It is often said that senior executives in the public and private sectors should acquire digital expertise - and this does not mean Excel and mobile apps.
Digital expertise involves more than simply using Excel, mobile apps and social media. Above all else, it involves understanding that competitiveness in the digital world is based on other parameters that open up entirely new opportunities in terms of value creation and growth – and also accepting the business consequences of this.
In my view, there are three central concepts to digital expertise: customer-centric ideas, smart algorithms and dynamic networks. These concepts constitute my digital ABC.
The customer or the egg?
Customer-centric ideas in the digital world enable far more than can be achieved with classic business models. Anyone who has studied business will have heard of Fredrick Taylor and Michael Porter. According to traditional thinking, subcontractors, production, logistics, distribution and marketing follow one another neatly. Customer service is the final part of this model, and last of all the end-customer, with organisations promising quite correctly to put the end-customer at the centre of what they do. With this classic framework, who would ever think of launching a taxi company without owning a single taxi?
Yet this is what Uber did. I will leave the regulatory issues to one side, and simply point out that Uber has adopted the customer’s perspective in order to improve the experience of taking a taxi. By using an app to order a taxi, you avoid having to wait on the telephone and to explain where you want to go, and you also see how much the journey will cost and can pay directly. Also, if you are not satisfied, you can use the app to give feedback that other users can see.
Why had nobody thought of this before? The answer is that nobody had put themselves sufficiently in the customer’s shoes and seen how the customer experience could be simplified and improved. This is what customer-centric organisations think about, without concerning themselves too much with what they might otherwise lack in terms of the rest of the value chain.

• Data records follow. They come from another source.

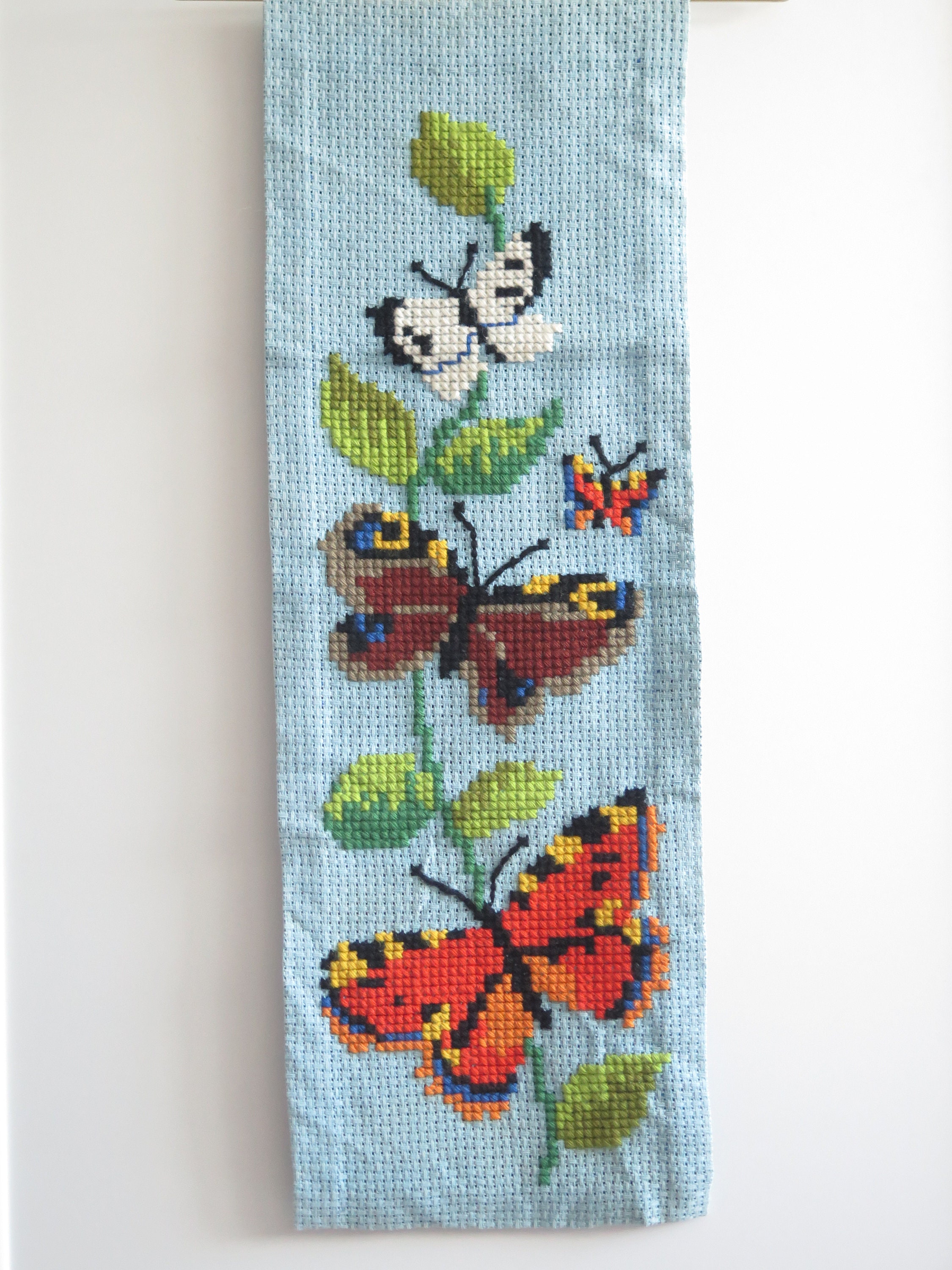 刺繍壁掛け装飾、手作り装飾カラフルな蝶青オレンジクロスステッチ＃4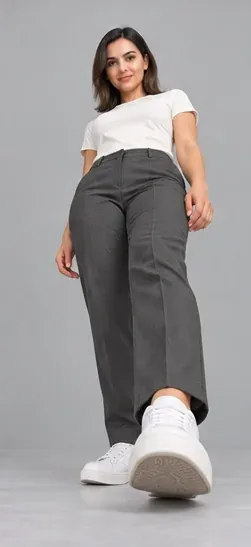 Fashion pose: Ground-level perspective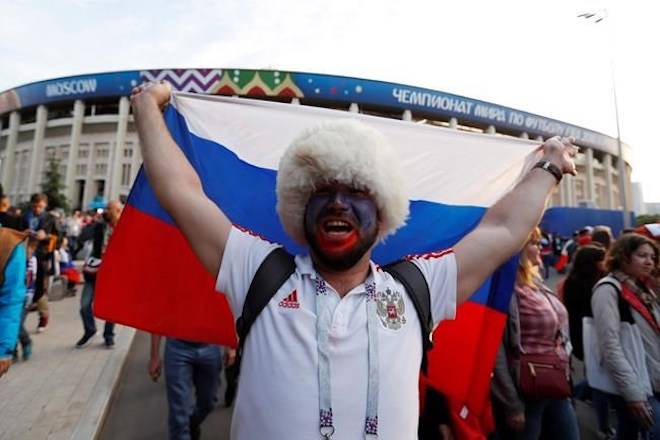 Canadians descend on pubs to watch World Cup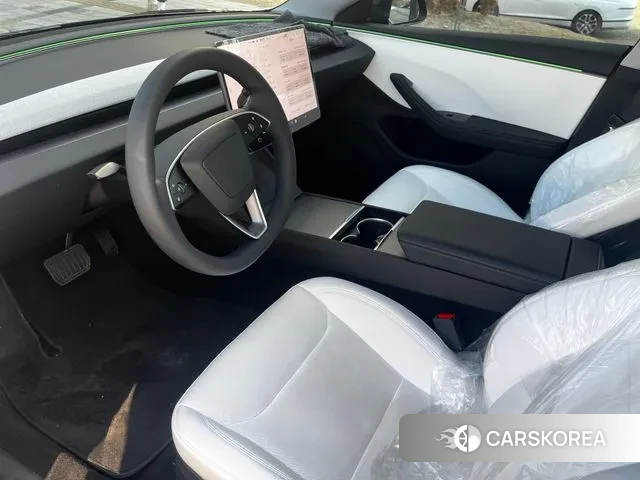 Tesla Model 3 2025 Серый из Кореи, фото 5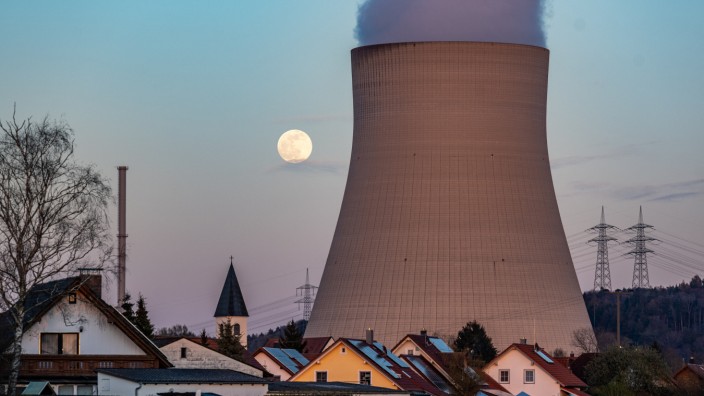 Energieversorgung: Wasserdampf steigt aus dem Kühlturm des Kernkraftwerks Isar 2 in Essenbach bei Landshut.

Uber is now worth over USD 50 billion, which is equivalent to NOK 400 billion, making it approximately the same size as Statoil. In Manhattan, where 80% of New York’s taxi journeys start, Uber is now responsible for as many journeys as traditional taxis.
Recipe for success
The significance of smart algorithms is the second thing we need to understand. In simple terms, algorithms are series of codes that make a digital solution accurate. They are the recipe for its success. Developing, implementing and continuously improving the algorithms that are used in digital business models have become significant competitive factors. Amazon is a good example of this. According to our experts, Amazon’s core algorithms are updated every 11 seconds. On the basis of your previous transactions, searches and clicks, Amazon constantly works to find products that you might, or perhaps even should, be interested in. If a lot of other people in your category choose a specific item, then this item will be promoted to you even more strongly. Amazon is like a shop in which all the items continually move around, are made more or less prominent, and are reordered to suit whoever comes into the shop. Pricing offers, quantity discounts and cross-selling opportunities can be developed just as flexibly. Smart algorithms enable every customer to be treated in a wholly unique way, and we have only seen the start of this. The combination of global scale and individual customer experience is challenging traditional competitive thinking and segmentation strategies.
Networks are key
Google, Amazon, Facebook, Uber and AirBnB take full advantage of the dynamics of the network. This is not about a passive landscape of networks such as railways, roads, junction boxes, base stations and cables. This is instead about a network that, by its nature and continuous development, is far ahead of the physical distribution and communication networks of the industrial age. This is a living, expanding network of information, business opportunities and partnership possibilities where smart algorithms and customer-centric ideas make it possible to jump from one industry to another. The Uber of tomorrow could be for home help services or for fighter jets, as the principle – the interconnections made possible by the network – and the digital implementation involved is basically the same. Networks and network effects are core to all disruptive businesses.
Understanding network effects, the significance of algorithms and the development of intelligent systems, and going on to understand what opportunities and threats these represent for existing businesses is, in my opinion, essential to digital expertise at the executive level. Executives must also engage with questions concerning the significance both large and small dynamic networks can have for their own company’s business models and the industry in which they operate. The most significant aspect of this is network dynamics. This means everything that goes on behind what we actually see, which is what readily catches our attention.
Sensors, smartwatches, 3D-glasses and other such gadgets are only simple pieces of equipment on top of a network that is more and more alive every day, and we are only at the beginning of this process. Recognising this can be profound step forward.